Using P2P is soo immature

A Chicago court has called on file-trading service Aimster to provide some proof that its users do more than trade copyrighted files before it can come back online.

The federal appeals court has put the screws on Aimster - now known as Madster - despite an earlier ruling that gave Grokster and StreamCast the all clear to keep trading. The music label backed RIAA (Recording Industry Association of America) has won this round by keeping Aimster's service grounded until trial, as the Chicago court upheld previous injunction rulings.

It should come as no surprise that the court came to this decision given its utter lack of knowledge about P2P networks and the way people use them.

"Teenagers and young adults who have access to the Internet like to swap computer files containing popular music," the court wrote. "If the music is copyrighted, such swapping, which involves making and transmitting a digital copy of the music, infringes copyright."

Succinct as it is for legal speak, this simplifies file trading to an inane degree. Are we to understand that only young, innocent children are swapping files? And what exactly is "popular music"? Some of the most ambitious traders around have cracked right through being middle-aged and offer up various types of music and all kinds of files.

In case no one has noticed, companies such as Sun Microsystems, Intel and Microsoft take peer-to-peer technology quite seriously. It's still seen as one the next major waves in computing by many. Characterizing the technology as some kind of adolescent diversion is unacceptable.

The language used in the rest of the court's decision is not much better. The judges seem to be making their initial encounter with computers.

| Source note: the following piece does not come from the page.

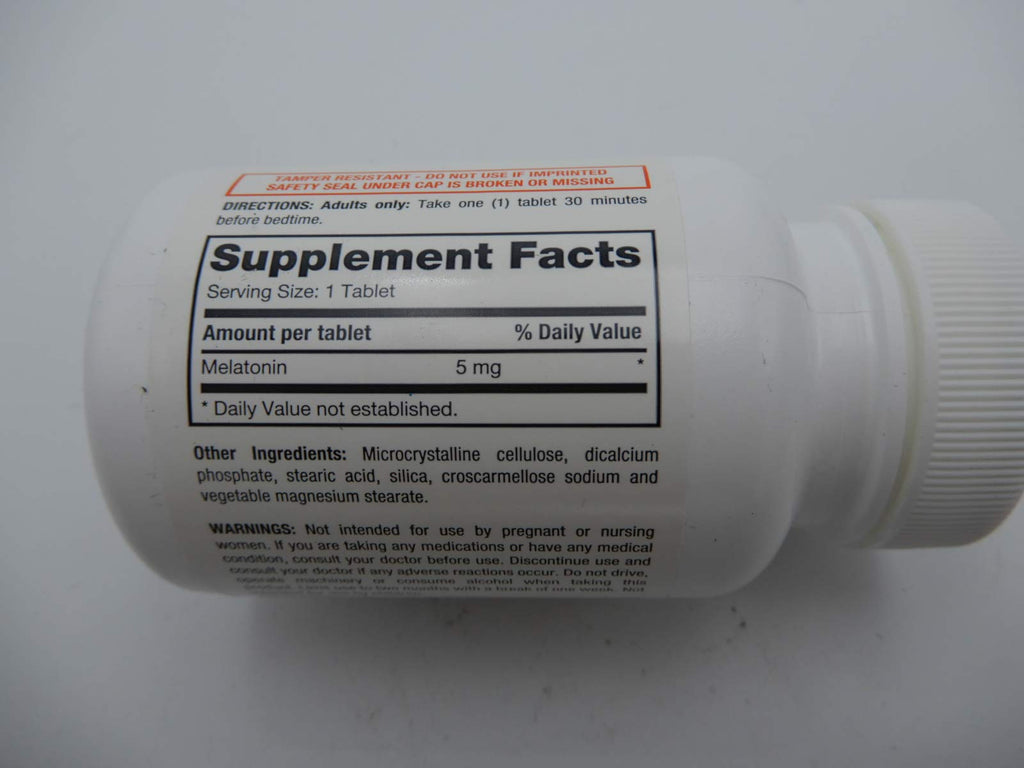 Rugby Melatonin 5mg Sleep Support - 60 Tablets - image 2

Users, we are told, need not list all of their files one at a time. There are "folders" that can store files all together.

It's understandable that the court wants to list the points at hand clearly, but in a long line of P2P decisions, this one hits rock bottom.

Aimster owner John Deep claims that his encryption system makes it impossible to tell what files users are trading. He has no way to say whether or not copyright infringement was occurring. Not so fast, the court said. If Deep suspects copyright violations are happening, it's up to him to curb the problem.

The court then used various analogies, including references to pimps, hookers and slinky dresses, to try and sort out how much infringing use is okay and how much non-infringing use is going on.

It's similar to the battle Sony faced in trying to prove VCRs (Betamax) have more substantial non-infringing uses than infringing. Guess what? Sony won and a giant movie rental industry was born.

In this case, the court has asked Aimster to come back with proof that "young adults" are trading all kinds of files and not just popular music.

"Aimster has failed to produce any evidence that its service has ever been used for a non-infringing use, let alone evidence concerning the frequency of such uses," the court wrote.

Clearly these judges are not Grateful Dead fans. The Dead along with Phish, Dave Mattews and a host of other bands let fans record concerts for free and trade CDs of the shows at will. Anyone who has done a P2P search for Dead shows, Phish shows, or Dave Matthews shows would know that thousands upon thousands of non-infringing songs are trading hands every day. It so happens that this practice has helped all three bands become some of the biggest grossing acts around.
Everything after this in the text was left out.